Class QuantileRegressionForests<T>
- Namespace
- AiDotNet.Regression
- Assembly
- AiDotNet.dll
Implements Quantile Regression Forests, an extension of Random Forests that can predict conditional quantiles of the target variable, not just the conditional mean.
public class QuantileRegressionForests<T> : AsyncDecisionTreeRegressionBase<T>, IAsyncTreeBasedModel<T>, ITreeBasedRegression<T>, INonLinearRegression<T>, IRegression<T>, IFullModel<T, Matrix<T>, Vector<T>>, IModel<Matrix<T>, Vector<T>, ModelMetadata<T>>, IModelSerializer, ICheckpointableModel, IParameterizable<T, Matrix<T>, Vector<T>>, IFeatureAware, IFeatureImportance<T>, ICloneable<IFullModel<T, Matrix<T>, Vector<T>>>, IGradientComputable<T, Matrix<T>, Vector<T>>, IJitCompilable<T>
Type Parameters
TThe numeric data type used for calculations (e.g., float, double).
- Inheritance
-
QuantileRegressionForests<T>
- Implements
-
IRegression<T>
- Inherited Members
- Extension Methods
Remarks
Quantile Regression Forests extend the Random Forests algorithm to estimate the full conditional distribution of the response variable, not just its mean. This allows for prediction of any quantile of the response variable, providing a more complete picture of the relationship between predictors and the response.

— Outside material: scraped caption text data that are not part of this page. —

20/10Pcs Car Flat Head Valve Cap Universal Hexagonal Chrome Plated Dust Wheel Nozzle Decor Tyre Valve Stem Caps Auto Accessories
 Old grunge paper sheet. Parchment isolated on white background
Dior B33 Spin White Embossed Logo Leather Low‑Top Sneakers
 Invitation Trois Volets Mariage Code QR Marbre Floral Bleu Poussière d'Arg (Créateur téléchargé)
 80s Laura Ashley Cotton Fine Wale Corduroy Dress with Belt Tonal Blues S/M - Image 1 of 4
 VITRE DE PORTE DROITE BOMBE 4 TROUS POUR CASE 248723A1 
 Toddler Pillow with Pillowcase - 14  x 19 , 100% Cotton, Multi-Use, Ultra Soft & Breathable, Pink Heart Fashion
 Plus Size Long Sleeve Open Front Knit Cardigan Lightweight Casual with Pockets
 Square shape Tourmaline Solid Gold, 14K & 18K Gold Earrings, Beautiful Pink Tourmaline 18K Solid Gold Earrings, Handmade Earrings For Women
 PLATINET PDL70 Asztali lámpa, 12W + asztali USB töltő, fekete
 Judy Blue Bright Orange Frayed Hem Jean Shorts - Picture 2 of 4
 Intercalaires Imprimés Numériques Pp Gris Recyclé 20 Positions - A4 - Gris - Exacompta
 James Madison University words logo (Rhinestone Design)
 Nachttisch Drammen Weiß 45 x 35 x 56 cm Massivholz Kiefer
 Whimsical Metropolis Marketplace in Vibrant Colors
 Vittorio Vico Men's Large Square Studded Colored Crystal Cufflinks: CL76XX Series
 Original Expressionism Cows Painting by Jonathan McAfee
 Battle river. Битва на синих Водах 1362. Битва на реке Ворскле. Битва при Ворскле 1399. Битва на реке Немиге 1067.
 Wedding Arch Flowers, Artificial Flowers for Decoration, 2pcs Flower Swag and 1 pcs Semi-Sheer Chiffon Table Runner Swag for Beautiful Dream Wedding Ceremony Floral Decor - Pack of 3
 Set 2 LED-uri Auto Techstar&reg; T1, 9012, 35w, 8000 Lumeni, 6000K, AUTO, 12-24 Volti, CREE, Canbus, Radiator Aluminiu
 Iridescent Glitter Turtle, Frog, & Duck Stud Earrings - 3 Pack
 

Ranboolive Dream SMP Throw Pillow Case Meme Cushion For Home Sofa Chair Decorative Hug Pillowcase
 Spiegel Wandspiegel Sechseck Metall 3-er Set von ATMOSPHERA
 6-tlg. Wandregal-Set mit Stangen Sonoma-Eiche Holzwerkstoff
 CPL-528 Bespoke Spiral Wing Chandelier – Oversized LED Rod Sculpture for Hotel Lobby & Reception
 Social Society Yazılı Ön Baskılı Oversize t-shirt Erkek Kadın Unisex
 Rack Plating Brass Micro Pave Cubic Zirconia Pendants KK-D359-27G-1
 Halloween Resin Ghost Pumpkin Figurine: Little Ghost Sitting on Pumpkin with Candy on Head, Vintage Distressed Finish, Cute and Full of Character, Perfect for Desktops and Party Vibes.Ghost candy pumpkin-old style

The algorithm works by building multiple decision trees on bootstrap samples of the training data, similar to Random Forests. However, instead of averaging the predictions, it uses the empirical distribution of the predictions from all trees to estimate quantiles.
For Beginners: While standard Random Forests tell you the average prediction, Quantile Regression Forests can tell you about the entire range of possible outcomes. For example, they can predict not just the expected value, but also the 10th percentile (a pessimistic scenario) or the 90th percentile (an optimistic scenario). This is particularly useful when you need to understand the uncertainty in your predictions or when the relationship between variables varies across different parts of the distribution.
Constructors
QuantileRegressionForests(QuantileRegressionForestsOptions, IRegularization<T, Matrix<T>, Vector<T>>?)
Initializes a new instance of the QuantileRegressionForests class with the specified options and regularization.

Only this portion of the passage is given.